__Action item__:
Write out all the data verbatim. Skip images.

__Dataset extract__:

━━━

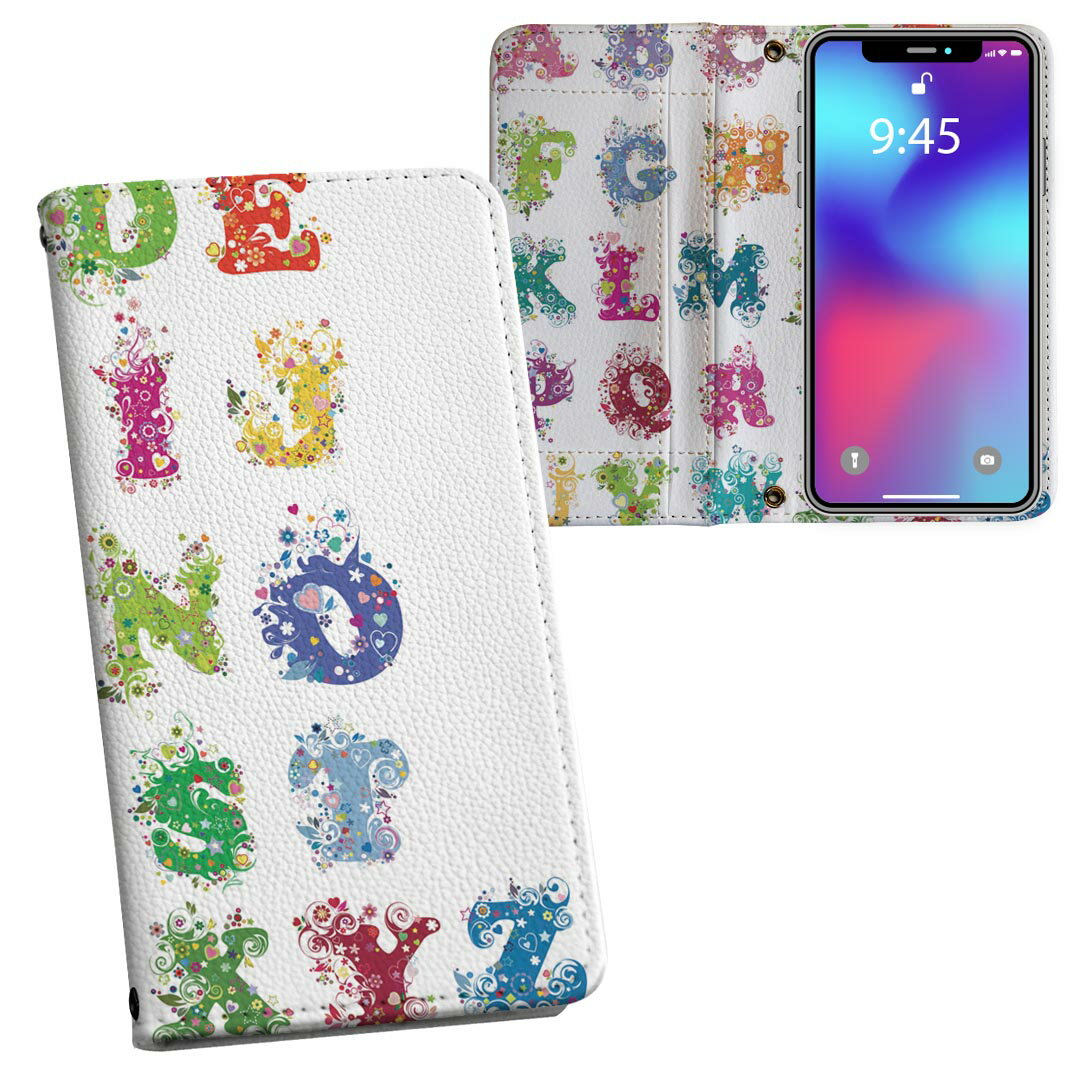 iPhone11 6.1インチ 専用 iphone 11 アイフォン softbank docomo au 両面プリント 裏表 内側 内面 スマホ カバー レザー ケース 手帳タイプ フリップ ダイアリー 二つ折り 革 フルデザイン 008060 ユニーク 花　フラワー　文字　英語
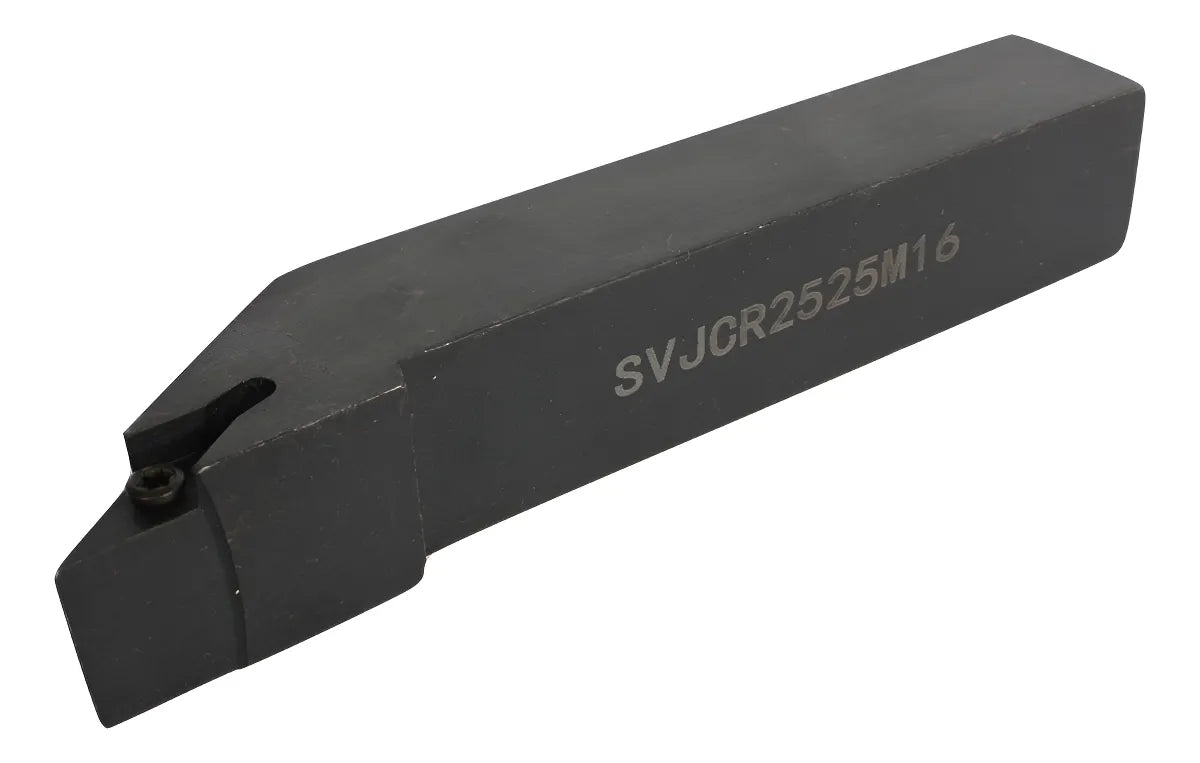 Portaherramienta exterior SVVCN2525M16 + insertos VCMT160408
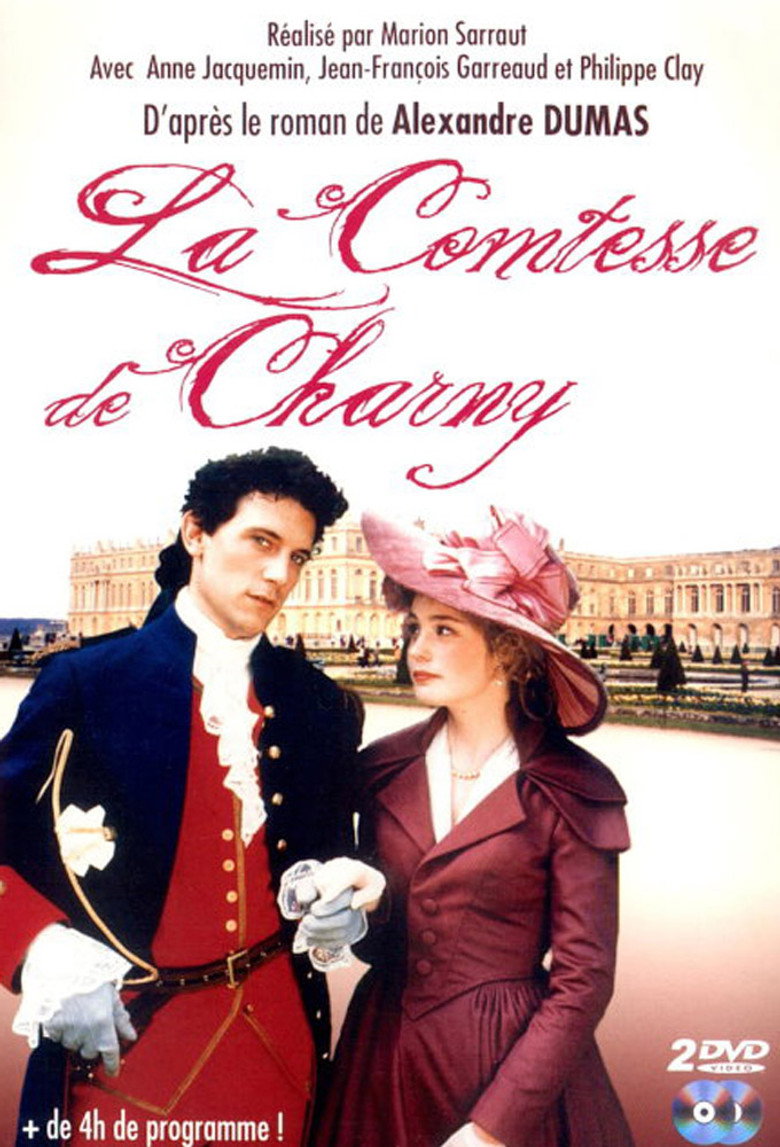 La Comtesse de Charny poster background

━━━

__Written answer__:
 iPhone11 6.1インチ 専用 iphone 11 アイフォン softbank docomo au 両面プリント 裏表 内側 内面 スマホ カバー レザー ケース 手帳タイプ フリップ ダイアリー 二つ折り 革 フルデザイン 008060 ユニーク 花　フラワー　文字　英語
 Portaherramienta exterior SVVCN2525M16 + insertos VCMT160408
 La Comtesse de Charny poster background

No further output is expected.